Google Chrome has released Chrome version 87. In this new version, Google brings many new features and major improvements in the performance of Google Chrome.
This article mainly introduces the major security vulnerabilities fixed in Google Chrome 87, which theoretically affects all mainstream browsers.
NAT is network address translation, and operators usually assign us NAT private addresses, because the current lack of IPv4 addresses cannot assign public addresses.
The advantage of NAT address is that it can save resources without too many IPv4 addresses. The disadvantage is that this kind of private address is not conducive to optimizing network performance and P2P software transmission.
Of course, the NAT address has an additional advantage that when the user does not obtain a public network address, in principle, an attacker cannot initiate an attack remotely through the network.
For example, when our router has vulnerabilities and is exposed on the Internet using a public network address, the attacker can find the port to launch an attack through automated program scanning.
The vulnerability revealed this time can penetrate the firewall to bypass the NAT and break through the browser port restrictions. The attacker only needs to induce the user to visit a specific website.

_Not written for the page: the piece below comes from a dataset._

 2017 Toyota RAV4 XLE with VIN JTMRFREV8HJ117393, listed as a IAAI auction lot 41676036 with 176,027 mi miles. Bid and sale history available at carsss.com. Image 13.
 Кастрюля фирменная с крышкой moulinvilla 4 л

Although the stable version of Google Chrome fixes the problem, this is only a mitigation measure because it may not be able to completely solve the vulnerability for now.

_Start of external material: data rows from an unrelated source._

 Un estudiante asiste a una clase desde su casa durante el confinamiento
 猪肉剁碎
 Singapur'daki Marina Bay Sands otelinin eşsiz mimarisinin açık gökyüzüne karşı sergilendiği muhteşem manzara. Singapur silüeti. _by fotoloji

There are many ways to fix this security flaw, but no matter which is, it has a negative impact on users.
For example, you can disable the ALG link tracking mechanism in the router firewall NAT, but after disabling, the VoIP-type call function may not be available.
If SIP ALG is improved but SIP is only part of it, other ALGs will also expose problems, which is not easy for hardware equipment manufacturers to repair.
The researchers who discovered the vulnerability said that all protocols and functions are in compliance with the standard, but when they are combined together for complex interactions, a messy problem arises.
This update of Google Chrome can prevent attackers from using Google Chrome as a proxy to launch attacks. Google’s fix is to disable ports 5060 and 5061.
After disabling, theoretically, the attacker cannot use Google Chrome and these ports to bypass the firewall and NAT scheme and prevent the attacker from contacting the internal network.
However, disabling the port can only be a mitigation measure rather than the key to solving the problem, but for now, it can only do so and wait for the industry to discuss other fixes.
Mozilla and Apple have not yet released a fix, but the fix may be similar, and browser developers can only do this.